■ YOUR ASSIGNMENT
Pictures aside, repeat the whole listing word for word.

■ SOURCE DATA
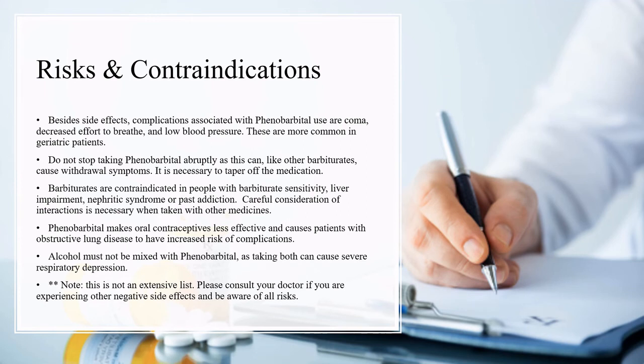Besides side effects, complications associated with phenobarbital use are coma, decreased effort to breathe, and low blood pressure. These are more common in geriatric patients. Do not stop taking phenobarbital abruptly as this can, like other barbiturates, cause withdrawal symptoms — it is necessary to taper off the medication. Barbiturates are contraindicated in people with barbiturate sensitivity, liver impairment, nephric syndrome, or past addiction. Careful consideration of interactions is necessary when taken with other medicines. Phenobarbital makes oral contraceptives less effective and causes patients with obstructive lung disease to have increased risk of complications. Alcohol must not be mixed with phenobarbital as taking both can cause severe respiratory depression.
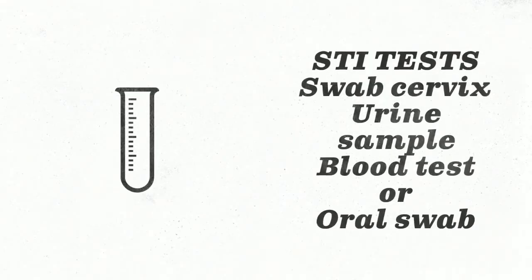STI testing may or may not be recommended. If you decide to be tested, tests may include an extra swab of the cervix during your pap smear to collect cells, a swab of vaginal wall cells that you collect yourself, urine samples, blood tests, or oral swabs. Talk to your provider about what tests are right for you. Some testing may not be covered by your health insurance, so call your insurance provider to discuss what is covered before you visit Campus Health. Learn more about STI testing on our website.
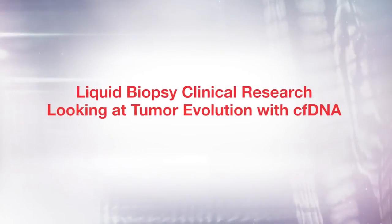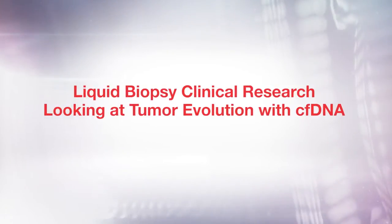The big advantage of looking at cell-free DNA, and this is something that I always say, is that we have an extra dimension when we do this type of study, and that's time. Dying tumor cells can release DNA into the bloodstream, and scientists like Dr. Jose Costa are researching cell-free DNA to better understand its importance in diseases like lung cancer.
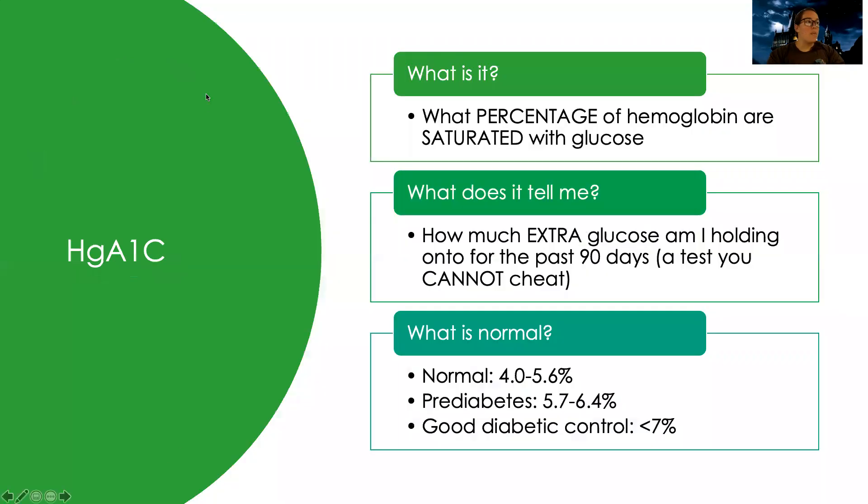Let's talk about hemoglobin A1c, or HgA1c. It is a measure of the percentage of hemoglobin that is saturated with glucose. In your blood you have hemoglobin — that thing that carries oxygen around the rest of your body. If you were diabetic and had too much blood glucose in your blood, your body is going to try to find ways to get rid of it. It can't get it into the cell because there's not enough insulin, or the cells aren't responding to insulin, so you have all this excess glucose. One of the ways your body tries to handle it is by attaching it to hemoglobin.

■ WRITTEN REPLY
Besides side effects, complications associated with phenobarbital use are coma, decreased effort to breathe, and low blood pressure. These are more common in geriatric patients. Do not stop taking phenobarbital abruptly as this can, like other barbiturates, cause withdrawal symptoms — it is necessary to taper off the medication. Barbiturates are contraindicated in people with barbiturate sensitivity, liver impairment, nephric syndrome, or past addiction. Careful consideration of interactions is necessary when taken with other medicines. Phenobarbital makes oral contraceptives less effective and causes patients with obstructive lung disease to have increased risk of complications. Alcohol must not be mixed with phenobarbital as taking both can cause severe respiratory depression.
STI testing may or may not be recommended. If you decide to be tested, tests may include an extra swab of the cervix during your pap smear to collect cells, a swab of vaginal wall cells that you collect yourself, urine samples, blood tests, or oral swabs. Talk to your provider about what tests are right for you. Some testing may not be covered by your health insurance, so call your insurance provider to discuss what is covered before you visit Campus Health. Learn more about STI testing on our website.
The big advantage of looking at cell-free DNA, and this is something that I always say, is that we have an extra dimension when we do this type of study, and that's time. Dying tumor cells can release DNA into the bloodstream, and scientists like Dr. Jose Costa are researching cell-free DNA to better understand its importance in diseases like lung cancer.
Let's talk about hemoglobin A1c, or HgA1c. It is a measure of the percentage of hemoglobin that is saturated with glucose. In your blood you have hemoglobin — that thing that carries oxygen around the rest of your body. If you were diabetic and had too much blood glucose in your blood, your body is going to try to find ways to get rid of it. It can't get it into the cell because there's not enough insulin, or the cells aren't responding to insulin, so you have all this excess glucose. One of the ways your body tries to handle it is by attaching it to hemoglobin.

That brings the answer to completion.